Second, this is about throughput, NOT capacity, because it’s throughput that causes dedupe customers to buy more boxes — not capacity. In the real world, very few local-dedupe dedupe boxes (regardless of vendor) ever scale to the advertised capacities before their customers say they’re out of throughput. If customers buy the max config out of the box, they actually end up wasting a lot of disk as a result. (Hear that customers? Don’t max out your box with storage before you max it out with throughput, OK?) As to who this post is aimed at, I said it right in the post, "if you’re backing up less than 10-20 TB per day (including weekends) from your entire data center, global dedupe is not a problem you need to worry about." If a customer has more than that, though, the lack of global dedupe can cost them real money.

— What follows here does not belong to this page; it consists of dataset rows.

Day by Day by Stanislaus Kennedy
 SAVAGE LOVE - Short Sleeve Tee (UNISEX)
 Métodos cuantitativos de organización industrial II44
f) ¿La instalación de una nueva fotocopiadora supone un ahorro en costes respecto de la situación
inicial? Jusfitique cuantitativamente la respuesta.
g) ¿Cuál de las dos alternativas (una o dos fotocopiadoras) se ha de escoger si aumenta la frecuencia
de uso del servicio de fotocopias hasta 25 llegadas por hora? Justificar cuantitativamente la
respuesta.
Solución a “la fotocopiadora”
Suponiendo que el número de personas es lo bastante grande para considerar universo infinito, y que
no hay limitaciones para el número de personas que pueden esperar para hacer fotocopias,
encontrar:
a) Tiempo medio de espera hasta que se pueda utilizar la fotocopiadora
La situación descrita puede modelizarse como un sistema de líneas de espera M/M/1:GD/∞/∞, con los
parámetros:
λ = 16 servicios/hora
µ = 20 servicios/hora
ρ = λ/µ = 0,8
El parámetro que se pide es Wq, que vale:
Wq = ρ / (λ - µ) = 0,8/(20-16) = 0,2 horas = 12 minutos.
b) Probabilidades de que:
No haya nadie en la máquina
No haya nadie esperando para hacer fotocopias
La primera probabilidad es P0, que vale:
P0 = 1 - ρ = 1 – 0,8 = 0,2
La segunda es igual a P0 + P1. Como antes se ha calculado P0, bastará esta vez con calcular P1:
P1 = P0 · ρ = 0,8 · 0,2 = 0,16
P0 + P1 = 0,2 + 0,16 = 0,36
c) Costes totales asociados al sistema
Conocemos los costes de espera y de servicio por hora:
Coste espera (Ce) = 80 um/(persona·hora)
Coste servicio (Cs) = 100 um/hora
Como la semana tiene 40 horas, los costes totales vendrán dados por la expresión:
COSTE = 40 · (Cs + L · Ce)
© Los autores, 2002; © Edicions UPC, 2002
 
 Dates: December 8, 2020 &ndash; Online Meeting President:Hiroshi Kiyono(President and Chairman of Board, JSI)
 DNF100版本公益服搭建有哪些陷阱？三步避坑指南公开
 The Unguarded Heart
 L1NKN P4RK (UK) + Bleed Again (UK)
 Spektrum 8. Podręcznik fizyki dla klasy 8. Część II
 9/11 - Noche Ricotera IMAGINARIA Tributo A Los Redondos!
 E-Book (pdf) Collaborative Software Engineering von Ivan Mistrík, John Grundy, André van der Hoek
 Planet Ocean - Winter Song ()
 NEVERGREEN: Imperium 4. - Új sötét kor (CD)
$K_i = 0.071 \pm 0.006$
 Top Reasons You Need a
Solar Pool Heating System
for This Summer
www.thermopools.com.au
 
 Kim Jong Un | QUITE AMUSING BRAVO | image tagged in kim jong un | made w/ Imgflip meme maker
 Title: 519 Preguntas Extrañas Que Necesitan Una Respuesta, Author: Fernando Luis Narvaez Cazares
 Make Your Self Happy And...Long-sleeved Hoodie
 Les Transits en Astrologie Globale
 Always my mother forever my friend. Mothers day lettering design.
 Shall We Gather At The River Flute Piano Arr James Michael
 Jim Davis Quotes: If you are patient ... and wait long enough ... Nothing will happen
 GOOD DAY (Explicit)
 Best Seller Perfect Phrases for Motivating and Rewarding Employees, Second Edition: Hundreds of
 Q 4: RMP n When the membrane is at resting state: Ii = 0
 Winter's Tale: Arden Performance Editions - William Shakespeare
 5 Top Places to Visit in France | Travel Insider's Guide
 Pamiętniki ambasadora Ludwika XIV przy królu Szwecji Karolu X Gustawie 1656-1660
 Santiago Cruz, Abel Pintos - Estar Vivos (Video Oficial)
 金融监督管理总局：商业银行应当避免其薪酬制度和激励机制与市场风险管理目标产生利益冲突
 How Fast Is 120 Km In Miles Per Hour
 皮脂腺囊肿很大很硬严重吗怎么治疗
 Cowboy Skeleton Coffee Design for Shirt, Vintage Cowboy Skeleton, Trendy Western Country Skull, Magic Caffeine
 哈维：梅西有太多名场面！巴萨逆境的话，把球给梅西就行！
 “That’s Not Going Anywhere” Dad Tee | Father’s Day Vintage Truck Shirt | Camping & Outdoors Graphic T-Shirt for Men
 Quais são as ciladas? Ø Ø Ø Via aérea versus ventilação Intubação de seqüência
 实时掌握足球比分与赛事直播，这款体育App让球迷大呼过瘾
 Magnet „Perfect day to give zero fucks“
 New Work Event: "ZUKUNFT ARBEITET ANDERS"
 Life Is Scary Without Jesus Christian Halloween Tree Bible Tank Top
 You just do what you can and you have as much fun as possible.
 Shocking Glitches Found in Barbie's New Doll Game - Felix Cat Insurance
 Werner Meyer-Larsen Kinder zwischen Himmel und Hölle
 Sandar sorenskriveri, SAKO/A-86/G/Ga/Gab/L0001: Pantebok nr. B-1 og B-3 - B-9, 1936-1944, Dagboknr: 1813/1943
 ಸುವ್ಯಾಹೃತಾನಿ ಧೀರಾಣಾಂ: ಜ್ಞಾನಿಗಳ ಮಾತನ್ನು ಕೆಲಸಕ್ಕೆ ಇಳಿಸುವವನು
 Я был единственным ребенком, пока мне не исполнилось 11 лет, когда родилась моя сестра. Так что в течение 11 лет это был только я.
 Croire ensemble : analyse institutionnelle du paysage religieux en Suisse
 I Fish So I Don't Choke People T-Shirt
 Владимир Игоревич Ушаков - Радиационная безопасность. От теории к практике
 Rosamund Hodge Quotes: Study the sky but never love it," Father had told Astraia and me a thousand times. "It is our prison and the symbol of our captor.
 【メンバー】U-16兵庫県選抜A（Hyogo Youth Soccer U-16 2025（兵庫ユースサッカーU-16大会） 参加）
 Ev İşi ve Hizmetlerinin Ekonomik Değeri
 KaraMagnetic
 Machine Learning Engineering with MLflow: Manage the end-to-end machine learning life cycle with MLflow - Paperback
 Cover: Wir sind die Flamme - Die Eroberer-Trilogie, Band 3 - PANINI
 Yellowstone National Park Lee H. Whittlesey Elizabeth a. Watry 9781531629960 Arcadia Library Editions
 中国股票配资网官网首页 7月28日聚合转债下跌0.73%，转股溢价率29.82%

So since this has to do with throughput and not capacity, using slots and tapes to make your argument is a complete non sequitur. So let me make your argument with tape drives, then show you why it STILL doesn’t apply. If I took your argument and used tape drives instead of tapes, I’d say "OK, so lets follow this logic through just a little bit. A DL3000 from EMC has 400 MB/s of throughput. That’s roughly 4-5 LTO-4 tape drives (no compression) or 2-3 at 2:1 compression. So, more accurately, not having global dedup is like having a tape library that doesn’t scale past 2-5 tape drives, which is pretty much NOBODY."

So the first problem with that argument is that all tape library manufacturers make tape libraries with more than 2-5 tape drives. In fact, that’s where most tape libraries START. The largest tape libraries in the world hold HUNDREDS of tape drives. (The STK SL8500 holds 448; the IBM TS3500 holds 192; the QTM Scalar 10k holds 324.) So it’s OBVIOUS (to me, at least) that this kind of throughput is needed by SOME companies.

The second problem with that argument is that having 100s of tape drives is FINE; but having several dedupe ISLANDS is NOT. Buying another tape drive for additional throughput costs you nothing but that tape drive. Buying an additional local-dedupe system for scaling purposes means buying an addition head AND enough disk for another full copy of your data. (Because you WILL store two full copies of your backups if you have two local-dedupe systems and load-balance across them.)

And don’t tell me this extra disk only costs an extra 10%. That’s the "there’s only a 5% difference between 10:1 dedupe and 20:1 dedupe" math again; you know I think that’s bogus. Let me explain.

Suppose a customer needs 2500 MB/s of throughput, and as a result buys five 500 MB/s local-dedupe boxes, and then follows your logic (of "it’s only 10%) and load balances across all five of them. (I realize this is a big stinking customer, but we’re only big stinking customers need global dedupe; I’ve already said that.) At 2500 MB/s, this customer is backing up a little over 100 TB a night (2500 * 3600 * 12 = 108). My experience shows me that in this configuration (distributed weekly full backup with daily incremental), about half each night’s backup comes from fulls, and half comes from incrementals. If that’s the case, then this fictitious datacenter is a 350 TB datacenter (100 TB * 50% * 7 days = 350 TB). While a datacenter this size was unheard of 10 years ago, it is way too commonplace today.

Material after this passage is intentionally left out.